Philosophical Multicore

Sometimes controversial, sometimes fallacious, sometimes thought-provoking, and always fun.

The New Keyboard Layout Project (NKLP)

Posted by Michael Dickens on December 9, 2008


Right now I am expanding my corpus. If anyone else has big blocks of text, like a bunch of stuff they typed on their computer, send it to me at Tell me what’s in it (like, emails, computer programs, business letters) so I don’t have to read it. (For confidentiality reasons, and for my convenience.)

I’m trying to get my corpus up to 10,000 pages, because I think that’s enough to have a really good variety of text. Right now I have about 3000.

I have about 11,000 pages in my corpus. However, I only have about 1000 pages of casual text, an I’d like about 3000. I’d also like about 1000 pages of news, and only have about 400. But I’m close to being done. (Collecting news is just so tedious, though.)

I just realized that Carpalx has a good corpus that’s free. It doesn’t have everything that I want, but it has a lot of books and programming code.

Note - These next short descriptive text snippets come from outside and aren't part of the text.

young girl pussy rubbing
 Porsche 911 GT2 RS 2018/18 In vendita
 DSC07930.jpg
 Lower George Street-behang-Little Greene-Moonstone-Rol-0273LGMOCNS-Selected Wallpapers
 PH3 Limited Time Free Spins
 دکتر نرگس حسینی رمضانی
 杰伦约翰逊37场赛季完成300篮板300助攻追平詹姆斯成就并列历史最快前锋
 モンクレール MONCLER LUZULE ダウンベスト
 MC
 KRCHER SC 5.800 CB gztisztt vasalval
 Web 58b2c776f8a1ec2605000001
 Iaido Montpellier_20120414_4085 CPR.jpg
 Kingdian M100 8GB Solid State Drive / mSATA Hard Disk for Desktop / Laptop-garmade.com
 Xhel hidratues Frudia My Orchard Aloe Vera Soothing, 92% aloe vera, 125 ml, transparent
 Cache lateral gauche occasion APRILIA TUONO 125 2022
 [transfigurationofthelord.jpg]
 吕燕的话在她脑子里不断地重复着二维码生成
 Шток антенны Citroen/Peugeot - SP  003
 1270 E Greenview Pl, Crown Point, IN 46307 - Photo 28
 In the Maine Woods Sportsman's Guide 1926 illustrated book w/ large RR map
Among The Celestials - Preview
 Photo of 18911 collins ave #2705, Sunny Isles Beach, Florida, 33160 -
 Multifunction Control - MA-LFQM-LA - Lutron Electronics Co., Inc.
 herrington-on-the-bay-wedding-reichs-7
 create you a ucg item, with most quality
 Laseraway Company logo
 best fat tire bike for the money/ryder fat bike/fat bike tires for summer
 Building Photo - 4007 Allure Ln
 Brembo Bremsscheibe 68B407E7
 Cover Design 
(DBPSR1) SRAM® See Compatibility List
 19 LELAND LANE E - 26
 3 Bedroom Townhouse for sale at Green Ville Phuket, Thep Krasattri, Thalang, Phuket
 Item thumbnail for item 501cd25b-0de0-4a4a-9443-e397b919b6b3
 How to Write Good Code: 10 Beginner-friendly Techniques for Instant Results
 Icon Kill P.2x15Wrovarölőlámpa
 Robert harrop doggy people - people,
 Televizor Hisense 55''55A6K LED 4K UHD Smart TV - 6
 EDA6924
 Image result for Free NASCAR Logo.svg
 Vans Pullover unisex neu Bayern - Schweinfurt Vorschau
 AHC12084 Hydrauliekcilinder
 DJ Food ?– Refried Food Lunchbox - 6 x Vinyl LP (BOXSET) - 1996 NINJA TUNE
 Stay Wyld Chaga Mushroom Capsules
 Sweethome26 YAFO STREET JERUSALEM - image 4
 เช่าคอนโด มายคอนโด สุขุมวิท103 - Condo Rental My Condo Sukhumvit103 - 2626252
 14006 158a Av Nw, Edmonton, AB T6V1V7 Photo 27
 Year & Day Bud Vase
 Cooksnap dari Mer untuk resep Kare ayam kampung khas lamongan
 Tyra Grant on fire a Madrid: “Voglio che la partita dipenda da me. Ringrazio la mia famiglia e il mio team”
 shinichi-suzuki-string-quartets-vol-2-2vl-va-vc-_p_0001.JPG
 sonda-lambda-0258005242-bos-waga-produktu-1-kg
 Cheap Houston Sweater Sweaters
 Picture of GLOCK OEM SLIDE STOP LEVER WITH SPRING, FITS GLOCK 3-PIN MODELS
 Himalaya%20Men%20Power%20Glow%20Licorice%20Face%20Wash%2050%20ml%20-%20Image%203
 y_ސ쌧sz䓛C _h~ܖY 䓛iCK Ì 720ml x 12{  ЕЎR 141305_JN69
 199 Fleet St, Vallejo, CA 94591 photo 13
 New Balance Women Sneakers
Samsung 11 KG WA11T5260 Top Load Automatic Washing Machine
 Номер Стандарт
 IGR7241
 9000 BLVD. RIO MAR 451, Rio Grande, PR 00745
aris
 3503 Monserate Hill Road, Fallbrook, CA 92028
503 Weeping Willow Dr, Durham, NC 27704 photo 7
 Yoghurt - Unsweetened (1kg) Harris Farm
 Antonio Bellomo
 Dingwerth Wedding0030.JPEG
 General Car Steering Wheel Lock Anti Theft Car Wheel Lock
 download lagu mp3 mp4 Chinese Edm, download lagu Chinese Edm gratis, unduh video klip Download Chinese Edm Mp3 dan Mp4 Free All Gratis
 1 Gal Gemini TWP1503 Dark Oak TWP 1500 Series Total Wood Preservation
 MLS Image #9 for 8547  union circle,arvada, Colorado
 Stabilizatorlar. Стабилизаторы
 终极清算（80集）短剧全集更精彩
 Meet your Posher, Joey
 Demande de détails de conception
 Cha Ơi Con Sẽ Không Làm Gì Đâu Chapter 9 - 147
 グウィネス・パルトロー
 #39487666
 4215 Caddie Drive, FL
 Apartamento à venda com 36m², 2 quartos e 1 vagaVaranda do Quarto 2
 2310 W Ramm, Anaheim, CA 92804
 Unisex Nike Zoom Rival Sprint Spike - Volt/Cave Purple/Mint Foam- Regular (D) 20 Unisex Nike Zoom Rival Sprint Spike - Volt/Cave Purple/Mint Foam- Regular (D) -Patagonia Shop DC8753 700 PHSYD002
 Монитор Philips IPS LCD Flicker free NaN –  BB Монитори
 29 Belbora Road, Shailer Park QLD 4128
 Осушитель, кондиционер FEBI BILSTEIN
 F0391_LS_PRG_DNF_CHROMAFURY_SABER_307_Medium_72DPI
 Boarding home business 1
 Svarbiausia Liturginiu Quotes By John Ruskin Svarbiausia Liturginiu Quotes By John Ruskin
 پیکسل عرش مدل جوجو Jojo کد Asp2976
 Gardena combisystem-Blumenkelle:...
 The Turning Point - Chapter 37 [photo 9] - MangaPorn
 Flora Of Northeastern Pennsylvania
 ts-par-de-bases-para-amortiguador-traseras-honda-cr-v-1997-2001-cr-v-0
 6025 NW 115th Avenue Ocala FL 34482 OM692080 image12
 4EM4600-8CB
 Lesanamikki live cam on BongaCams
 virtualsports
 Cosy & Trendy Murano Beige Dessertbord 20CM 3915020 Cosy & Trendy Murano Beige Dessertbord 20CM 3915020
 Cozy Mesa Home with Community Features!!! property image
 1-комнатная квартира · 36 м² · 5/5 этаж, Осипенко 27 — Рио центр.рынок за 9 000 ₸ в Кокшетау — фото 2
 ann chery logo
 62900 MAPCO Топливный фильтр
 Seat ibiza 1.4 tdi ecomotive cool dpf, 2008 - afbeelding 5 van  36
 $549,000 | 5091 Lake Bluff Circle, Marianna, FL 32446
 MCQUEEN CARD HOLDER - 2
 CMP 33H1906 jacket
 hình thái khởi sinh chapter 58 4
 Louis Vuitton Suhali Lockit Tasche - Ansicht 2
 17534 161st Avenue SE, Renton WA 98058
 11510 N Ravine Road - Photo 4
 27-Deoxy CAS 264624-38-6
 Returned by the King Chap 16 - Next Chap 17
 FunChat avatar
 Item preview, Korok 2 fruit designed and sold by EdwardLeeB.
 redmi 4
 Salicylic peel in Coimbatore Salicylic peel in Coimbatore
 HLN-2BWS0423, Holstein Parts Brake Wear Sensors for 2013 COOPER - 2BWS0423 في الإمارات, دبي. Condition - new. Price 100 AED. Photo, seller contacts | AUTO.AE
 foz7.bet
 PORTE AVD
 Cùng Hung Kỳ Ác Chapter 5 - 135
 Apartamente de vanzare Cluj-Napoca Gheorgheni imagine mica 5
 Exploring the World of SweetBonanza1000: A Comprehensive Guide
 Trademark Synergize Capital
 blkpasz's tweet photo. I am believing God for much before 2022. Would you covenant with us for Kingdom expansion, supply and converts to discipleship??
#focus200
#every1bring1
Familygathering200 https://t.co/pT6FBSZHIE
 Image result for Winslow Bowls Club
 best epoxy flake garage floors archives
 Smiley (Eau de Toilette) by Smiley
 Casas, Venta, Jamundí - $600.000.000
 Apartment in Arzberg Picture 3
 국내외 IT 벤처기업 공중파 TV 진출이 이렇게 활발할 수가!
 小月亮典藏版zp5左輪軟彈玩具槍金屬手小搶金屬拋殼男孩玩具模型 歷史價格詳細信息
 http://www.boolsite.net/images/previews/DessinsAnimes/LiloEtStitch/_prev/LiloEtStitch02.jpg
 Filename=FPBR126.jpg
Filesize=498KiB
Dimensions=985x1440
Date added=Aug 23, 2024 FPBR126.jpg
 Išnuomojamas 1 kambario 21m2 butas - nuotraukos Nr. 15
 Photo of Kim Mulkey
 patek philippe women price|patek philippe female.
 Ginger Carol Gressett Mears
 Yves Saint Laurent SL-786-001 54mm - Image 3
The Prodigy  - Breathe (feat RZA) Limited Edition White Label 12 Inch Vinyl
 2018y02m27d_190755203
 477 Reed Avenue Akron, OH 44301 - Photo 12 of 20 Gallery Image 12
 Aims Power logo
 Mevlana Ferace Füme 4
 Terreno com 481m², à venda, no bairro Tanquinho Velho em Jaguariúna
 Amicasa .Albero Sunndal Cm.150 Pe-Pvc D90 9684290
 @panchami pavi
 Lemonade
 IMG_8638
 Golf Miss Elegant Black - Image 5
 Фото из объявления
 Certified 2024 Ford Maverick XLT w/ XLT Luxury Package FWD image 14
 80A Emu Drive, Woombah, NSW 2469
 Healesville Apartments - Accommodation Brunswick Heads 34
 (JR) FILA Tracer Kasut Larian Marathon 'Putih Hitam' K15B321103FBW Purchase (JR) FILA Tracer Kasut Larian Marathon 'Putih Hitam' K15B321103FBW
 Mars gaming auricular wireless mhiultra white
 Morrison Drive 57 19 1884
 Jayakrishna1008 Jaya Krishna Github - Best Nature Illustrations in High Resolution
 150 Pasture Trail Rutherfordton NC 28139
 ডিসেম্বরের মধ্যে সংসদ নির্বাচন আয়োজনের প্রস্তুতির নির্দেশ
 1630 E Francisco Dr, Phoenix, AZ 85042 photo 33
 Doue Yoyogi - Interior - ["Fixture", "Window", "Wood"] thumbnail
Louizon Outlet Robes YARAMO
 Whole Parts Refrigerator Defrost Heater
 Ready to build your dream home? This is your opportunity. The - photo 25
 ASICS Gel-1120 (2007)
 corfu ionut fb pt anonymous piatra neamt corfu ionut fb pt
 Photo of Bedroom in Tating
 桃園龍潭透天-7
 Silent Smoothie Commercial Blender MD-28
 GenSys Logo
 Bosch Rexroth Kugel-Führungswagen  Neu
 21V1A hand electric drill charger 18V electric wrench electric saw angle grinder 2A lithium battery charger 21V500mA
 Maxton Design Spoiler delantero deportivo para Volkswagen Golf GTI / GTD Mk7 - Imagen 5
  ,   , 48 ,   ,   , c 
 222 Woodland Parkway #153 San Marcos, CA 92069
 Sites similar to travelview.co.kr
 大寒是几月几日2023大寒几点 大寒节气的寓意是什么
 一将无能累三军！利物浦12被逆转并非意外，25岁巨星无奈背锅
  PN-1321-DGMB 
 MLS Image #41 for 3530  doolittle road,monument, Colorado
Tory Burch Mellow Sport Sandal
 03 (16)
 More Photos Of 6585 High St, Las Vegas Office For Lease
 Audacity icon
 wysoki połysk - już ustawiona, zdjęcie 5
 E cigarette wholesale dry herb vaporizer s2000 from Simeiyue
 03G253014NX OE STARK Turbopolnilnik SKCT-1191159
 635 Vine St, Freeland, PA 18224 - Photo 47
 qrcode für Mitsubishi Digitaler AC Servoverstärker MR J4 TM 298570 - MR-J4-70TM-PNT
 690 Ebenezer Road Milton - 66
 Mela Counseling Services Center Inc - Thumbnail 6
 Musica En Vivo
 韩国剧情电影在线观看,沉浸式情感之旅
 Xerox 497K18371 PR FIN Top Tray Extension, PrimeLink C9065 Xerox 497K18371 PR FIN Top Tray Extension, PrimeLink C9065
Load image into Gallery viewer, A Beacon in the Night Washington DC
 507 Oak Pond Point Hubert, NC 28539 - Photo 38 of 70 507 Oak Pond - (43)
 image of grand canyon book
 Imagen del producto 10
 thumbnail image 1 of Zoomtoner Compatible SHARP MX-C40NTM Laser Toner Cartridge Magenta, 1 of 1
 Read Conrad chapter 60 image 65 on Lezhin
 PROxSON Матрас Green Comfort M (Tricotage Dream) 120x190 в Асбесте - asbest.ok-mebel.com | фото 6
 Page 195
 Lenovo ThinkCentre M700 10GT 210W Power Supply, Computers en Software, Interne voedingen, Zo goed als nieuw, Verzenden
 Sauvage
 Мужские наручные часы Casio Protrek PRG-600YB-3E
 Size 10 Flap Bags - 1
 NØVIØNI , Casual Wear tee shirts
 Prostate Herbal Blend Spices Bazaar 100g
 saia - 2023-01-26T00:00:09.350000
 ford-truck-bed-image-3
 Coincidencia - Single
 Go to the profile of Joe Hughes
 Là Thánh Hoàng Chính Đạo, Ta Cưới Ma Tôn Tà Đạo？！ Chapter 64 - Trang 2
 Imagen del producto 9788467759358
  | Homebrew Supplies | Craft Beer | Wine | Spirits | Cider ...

VvV from wanted to make an evolutionary algorithm for non-latin letters. I don’t have any data for any languages other than English. But if I did, what languages could be done? I’ll look at the world’s most popular languages (from

1. Mandarin Chinese – 882 million
There are far too many characters in Chinese to make a keyboard layout.
2. Spanish – 325 million
3. English – 312-380 million
4. Arabic – 206-422 million
This could work.
5. Hindi – 181 million
This alphabet is also probably small enough.
6. Portuguese – 178 million
7. Bengali – 173 million
It looks kind of big, but it should work.
8. Russian – 146 million
9. Japanese – 128 million
Same deal as Chinese.
10. German – 96 million

Any comments you have relating to the NKLP should be posted here.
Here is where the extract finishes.